There was a time, when this warrior was the king, who rode triumphantly around, because there was no one to match him. Even in my home town of Pune of 1950's, he reigned supreme on the roads. Pune was a small city of about two or three hundred thousand people then and known as a bicycle city because almost everyone (at least the male population) had a bicycle as the principal mode of transport. The public transport system of those days in Pune, comprised of few dilapidated rickety-rackety buses, which also holds true even today though the numbers might have multiplied by hundreds. There were no motorized taxis and for personal hire, two wheeled light carriages, driven by horses and known as 'Tangas' or 'Tongas' were available. Some noble and rich families used to have their own 4 wheeled buggy carriages, but they used to be very few.

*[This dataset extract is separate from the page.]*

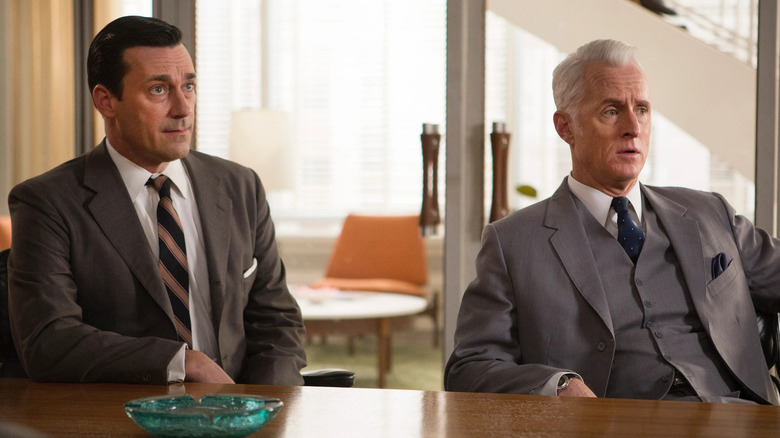 Don and Roger at a conference room table looking confused on "Mad Men" (2007-2015)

Readers can therefor well imagine or appreciate a typical scene on the Pune city street of those days, where hundreds of bicycles intermingled with occasional 'Tongas' plying on the roads. There used to be no foot paths on the roads and pedestrians also shared the same roads. To ride a bicycle in such kind of busy street, needed immense driving or riding skills. Pune bicycle riders were famous for that.

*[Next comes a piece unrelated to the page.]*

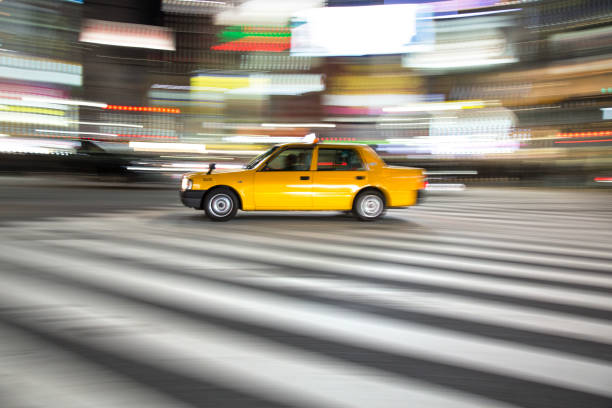 istock Yellow taxi with panning motion at night 1064740358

Yet amongst the chaos on city roads, there was this king, who flashed by, in his gleaming and sparkling armour, and with sheer power that resonated with each of the boom-boom sound beat that came from the chromium plated exhausts. Readers by now must have guessed it. The road king was none other than the “Royal Enfield” motor cycle.
Pune city always had, since the days of British Raj, a twin sister popularly known as Pune Camp or Pune Cantonment, where initially the soldiers and officers were stationed. They had their own motorized transports of second world war vintage and one would encounter these on the cantonment streets. These vehicles very rarely came to the city limits and for most of the Pune citizens, Pune camp was part of some other far off world. In the fringe areas, between the city and camp, people of other communities stayed. These included Parsi's and Bohori's, who followed their own sub sect of Shia Islam and were followers of Prince Aga Khan. Parsi community always had deep pockets and mostly used to be affluent. It was the Parsis, who predominantly owned the motor cycles, though there were a few Maharashtrian owners too. Since the motor cycles were very few in numbers, the owners used to be extremely proud of them, as they took them out for a ride. Royal Enfields of those day( that like of today) had 4 stroke engines. I can still remember the rhythmical idling rant coming from those superb 4 stroke engines “ Thup....Thup.....Thup” and when they accelerated, the crazy feeling of power that they gave, even to the bystanders. They essentially came in three engine capacities, 250, 350 cubic centimeters and 500 cubic centimeters.
Royal Enfields were then assembled in Chennai under license from a British marque from Redditch. Later however, the British parent had its demise and Royal Enfield became an Indian entity and soon became a brand; a yardstick on the basis of which others started getting measured. More than half a century ago, the original British manufacturer of these motor cycles shut down the production line of these bikes in England. Yet today in India, this motor cycle still sells well in a competitive market dominated by “Bajaj”, “Honda” and “Kawasaki.” In India today, this motor cycle is considered the symbol of the male power and has a tremendous brand value. During a visit to Ladakh region of India in 2011, I found that 99.99 % of Motor cycles used there are only Royal Enfields. I met number of foreign tourists there, who all preferred and praised this rugged bike for their travels in Ladakh. The Enfield company was originally a gun and rifle supplier to the British army. It is therefore generally believed that this motor cycle is built like a rifle, rugged and reliable. More than 60 years have passed since last British soldier left shores of India along with his Enfield rifle. Yet the legend lives and Enfield motor cycles still reign in India.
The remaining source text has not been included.